Having your customers discover and report a problem in production is potentially extremely costly, especially if a poor experience may result in lost revenue. So let’s add this cost to the diagram.

You can mitigate the cost of customers noticing issues by having robust monitoring, or introducing rollout strategies like canaries or blue green deployments. However, depending on the usage patterns of your application, it may take some time for either of these steps to catch a problem. Time is of the essence, as the longer bad code is in production, the greater the cost. But we can mitigate this problem by adding a short manual testing step after deployment.
Spend a couple of minutes testing and you might catch a problem that automated tests would miss, like a rendering issue making a button usable by tools like Playwright but invisible to a human, or missing key explanatory text.

Even if your pipeline is fully automated, there’s value in taking a peek at your changes as soon as you know they’ve been rolled out. Who knows? You might have triggered your pipeline on the wrong commit or forgot to stage the file that actually enables your change. No access to production? Focus on staging or an ephemeral environment.
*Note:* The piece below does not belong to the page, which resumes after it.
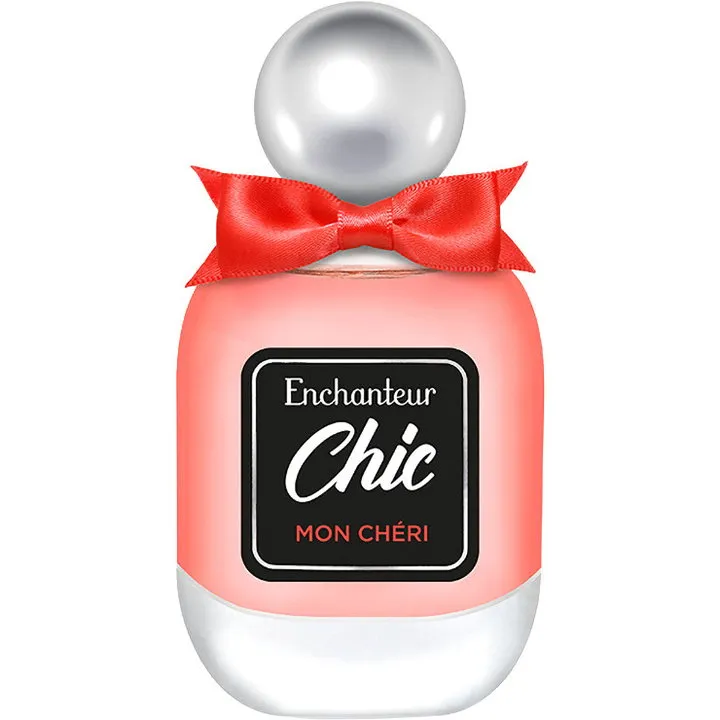 Enchanteur Mon Cheri parfüm şişesi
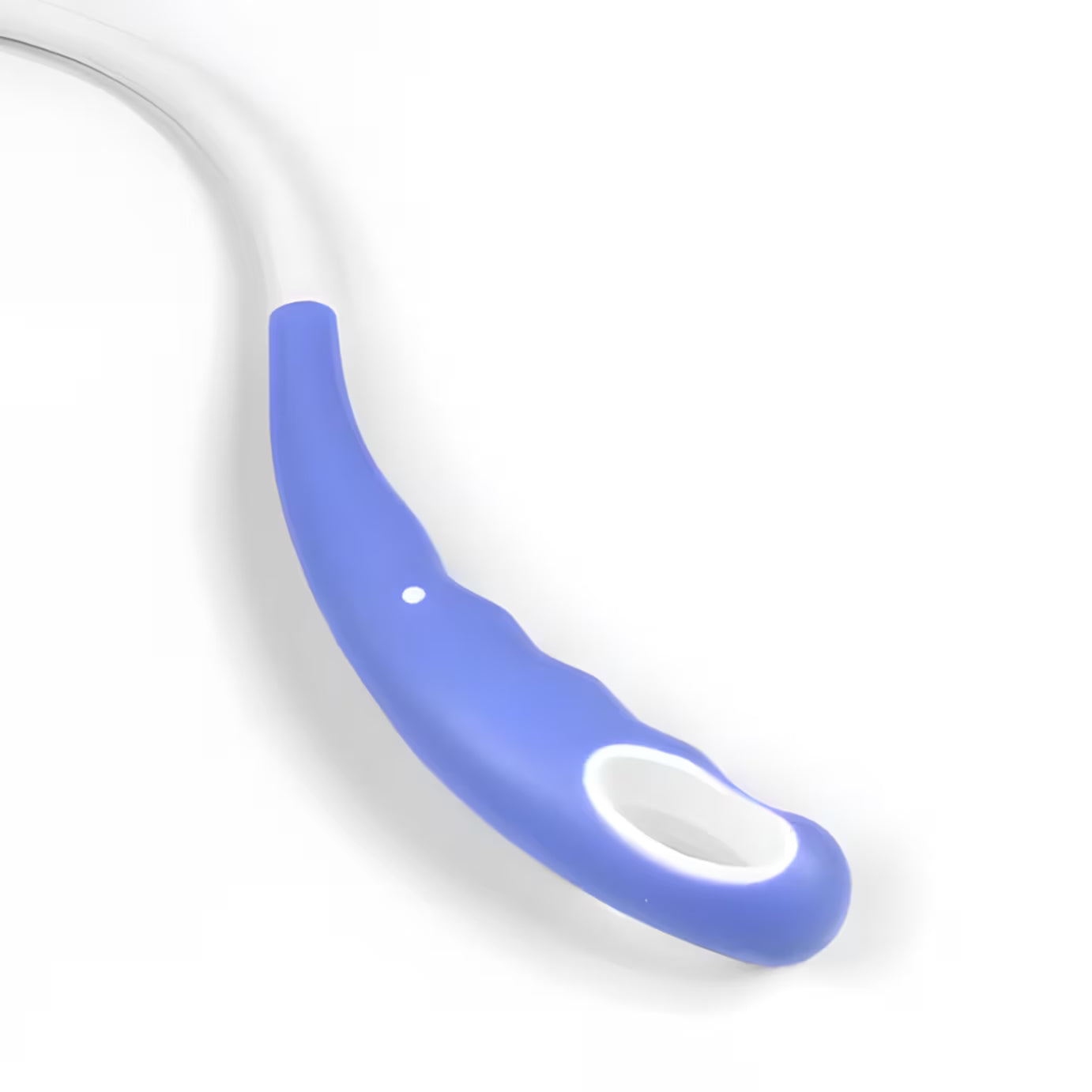 Long Handled Curved Bath Brush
You can also start before you even push a commit. Tools like Tilt, kind and others allow you to run your changes locally in a production-like manner. So once you know your build and likely your faster unit tests are passing, you can do a slower manual test.
Granted, all of this adds time to the process of getting software out of the door. But the other beauty of manual testing is that humans can get better at it, applying their discretion to do more or less testing depending on the change being made in any given moment.
Optics
There is also a significant social benefit to having performed manual tests along the way. You remember what you saw and can draw on that when handling failures. When your manager appears at your desk asking about an angry customer report, you’re not caught having to admit that you don’t know if the code worked when it hit production.
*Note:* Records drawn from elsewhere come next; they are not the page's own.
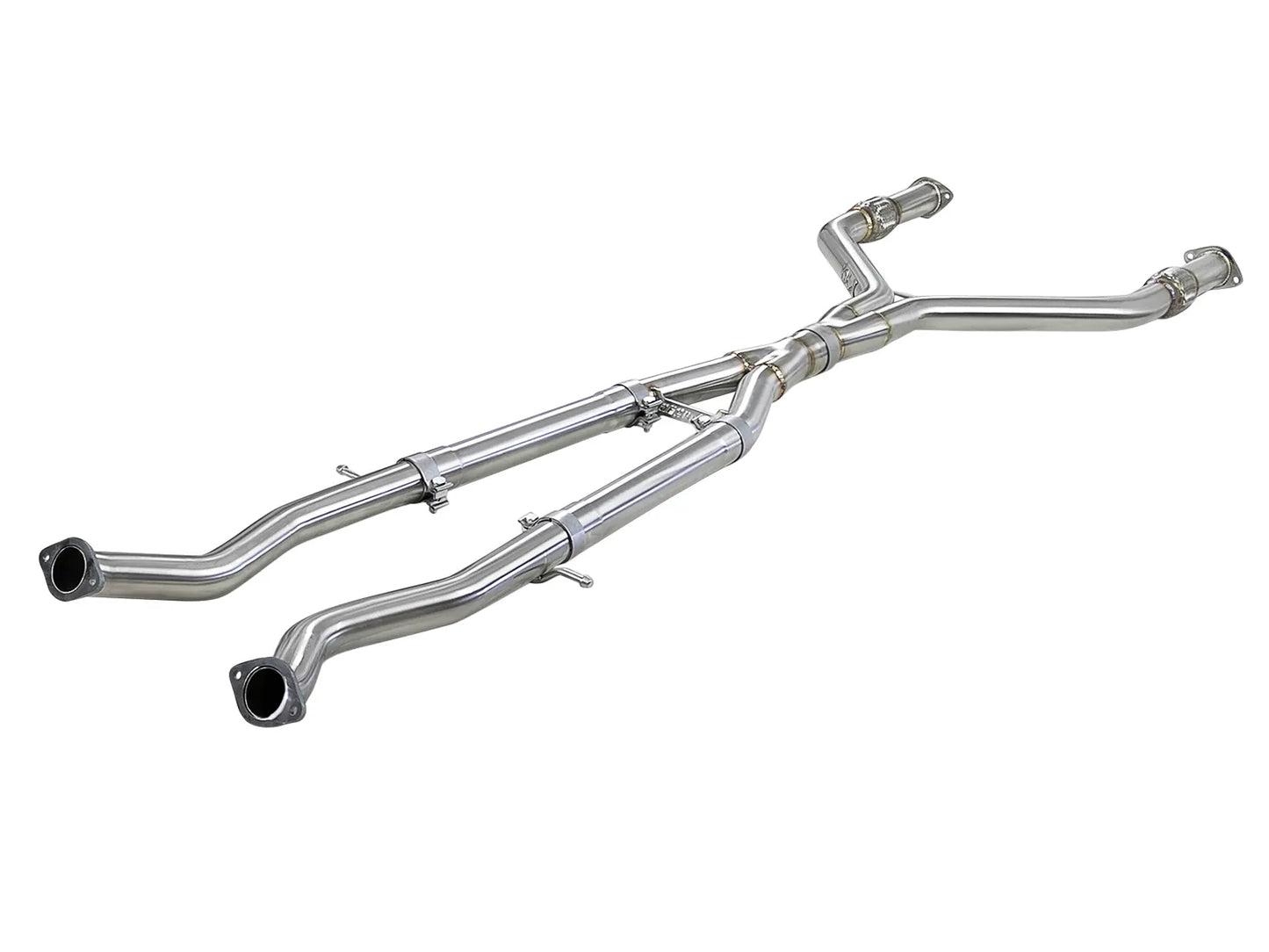 aFe Takeda Y-Pipe for 2016-2023 Infiniti Q50 (49-36131)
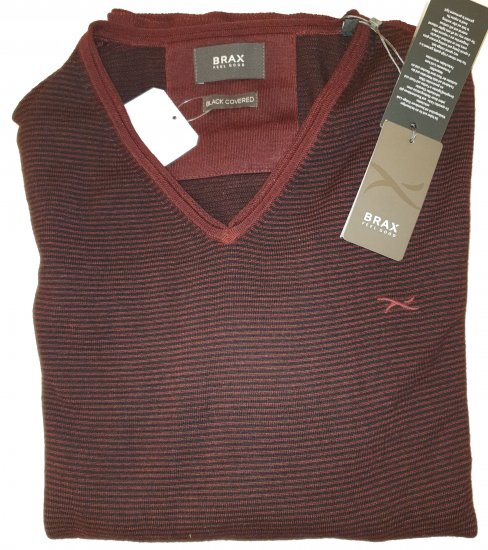 Brax 387007 Sweater - Motleys verrückter April-Sale - 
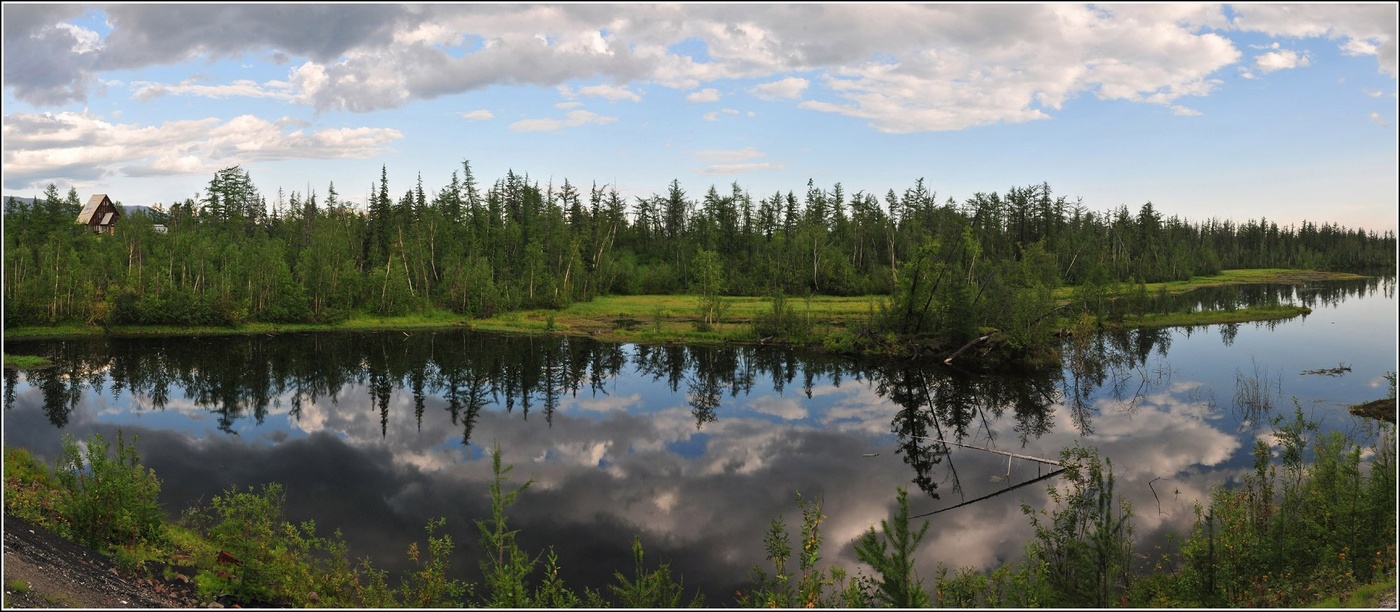 Ein heißer Sommertag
Even better, if you make it a habit of manually testing in production, you will have accounts and other configuration ready to go when you need to diagnose a fault. This will save you valuable time.
Conclusion
Automated testing is an incredibly useful tool that can help you create higher quality software more efficiently. But it cannot entirely replace manual testing, and an engineer who diligently performs their own tests will amplify the benefits of a strong automated testing strategy.